A reader wrote saying he booked the Splendido in Portofino and, far from the great view I rave about, had a sheer rock face just outside his window. He left and went to Ca' Peo, a restaurant with rooms, in the nearby hills. He greatly recommended it. Ca' Peo is historic. It serves some of the best food ever. But, I warn you, be very specific when making hotel reservations. Be relentless. Ask for details about the room. A year ago I booked "the best possible suite" at the Palace Hotel Gstaad for February 2003. They know me well, although I've always felt the lack of a good manager, particularly since the owner's son, Andrea Scherz, took over. Sensing trouble, I wrote recently to check the suite was, as always, on a higher floor. The lower suites are ghastly. They overlook flat roofs and electrical equipment. Mr Scherz responded: "if possible" my suite would be on a higher floor. My riposte was robust. Mr Schetz wrote, apologising for his "lousy reply", which he blamed on "a colleague".

I then asked for confirmation the suite was the same type as I'd always been given. Amazingly, Mr Scherz said it wasn't. It was a "junior deluxe suite", which was apparently a glorified room. I can't imagine any serious hotel manager downgrading the accommodation of a regular guest without telling him first. Dr Natale Rusconi at the Cipriani in Venice once apologised profusely because, for a day, he could only offer a more modest suite, as the hotel's owner was staying where I usually went.

Mr Scherz said an experienced traveller should know the difference between a junior deluxe suite and a deluxe suite. I had no idea how the Palace graded their suites. That's an in-house rigmarole. The suite I usually stay in looks as if it was furnished by Ikea on a bad day. It has a horrid grey plastic toilet seat below an advertising plaque for Swiss Clean Anti-Germ Solution. It personified "junior" to me. I didn't fancy dipping below that.

I'm going instead to the Hotel Sacher, Salzburg. I think the Palace should get an experienced international hotel manager, instead of relying on nepotism. Putting progeny in charge is a high-risk operation.
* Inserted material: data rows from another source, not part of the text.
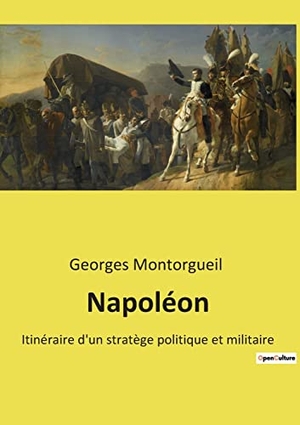 Montorgueil, Georges. Napoléon - Itinéraire d'un stratège politique et militaire. Culturea, 2022.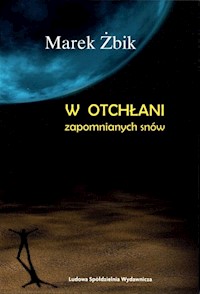 W otchłani zapomnianych snów - Żbik Marek - książka
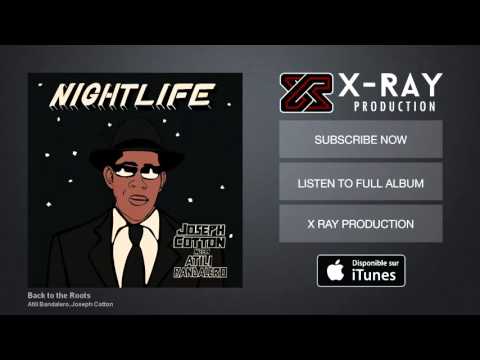 Atili Bandalero, Joseph Cotton - Back to the Roots (Audio Officiel)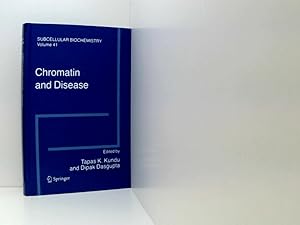 Immagine del venditore per Chromatin and Disease (Subcellular Biochemistry, 41, Band 41) Hrsg. Tapas K. Kundu ; Hrsg. Dipak Dasgupta venduto da Book Broker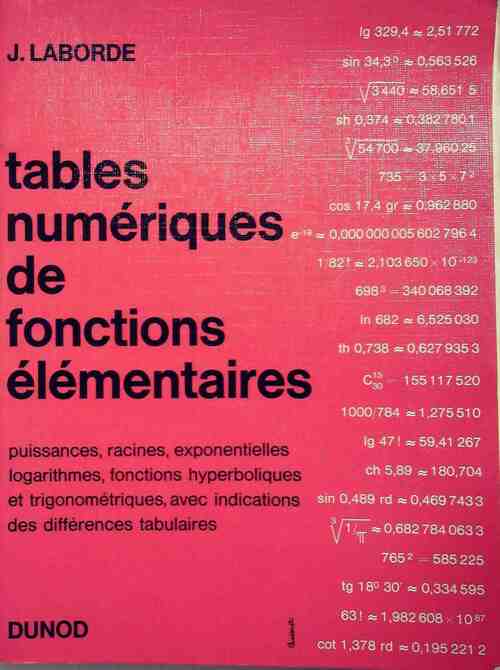 Livrenpoche : Tables numériques de fonctions élémentaires - Laborde J. - Livre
Jean Akroyd (February 10) writes of Michael Winner's £2,000-a-night bill for B&B at Sandy Lane: "A fool and his money are soon parted." Another phrase, used often by my father (a Yorkshireman, through and through), springs to mind: "More brass than sense."
R Letourneux, Lyon

You poor, sad people with lots of money to spend on dining out at expensive eateries in the south of England, Italy and France. I am tired of reading about how the duck was overcooked, the sauce too thick, the lemon meringue pie soggy and the chardonnay too dry. Doesn't Michael Winner realise that some families in this country spend as much on food in a week as he and his spoilt readers do in one night's unnecessary indulgence? Get a life, please.
Jean Weatherhead, Edinburgh

I used to like Cecconi's in London's West End, but a recent visit to its new incarnation was a dreadful experience. We booked for 9pm and waited 50 minutes before being shown to a table in the middle of the room, where everyone continuously walked past. When a better table became free, we moved to it ourselves. The lady responsible for the front of house was not in the least bit helpful. Finally, to add insult to injury, we were kept waiting 15 minutes for the bill. At that point, I left my business card so they could send it on and walked out.
Peter J Wood CBE, Reigate, Surrey

A sleepy afternoon at Tamarind Cove, Barbados, was enlivened by a whispered buzz: "Michael Winner is coming." And sure enough, the great man soon appeared on the beach. Is there a bumper sticker proclaiming "WE HAVE SEEN MICHAEL WINNER" (much along the lines of "We have seen the lions of Longleat") to display as a souvenir of this memorable moment? If not, there surely should be.
James Gilbert, London

It was refreshing to read Michael Winner's comments about the new restaurant at Claridge's (February 10), which completely matches our own experience. The food is not only grossly overpriced and pretentiously served, but the portions are minuscule. Instead of television surveillance of the tables, guests should be provided with magnifying glasses to find the food on the plates. We shall certainly be following Michael Winner to real food at the Dorchester.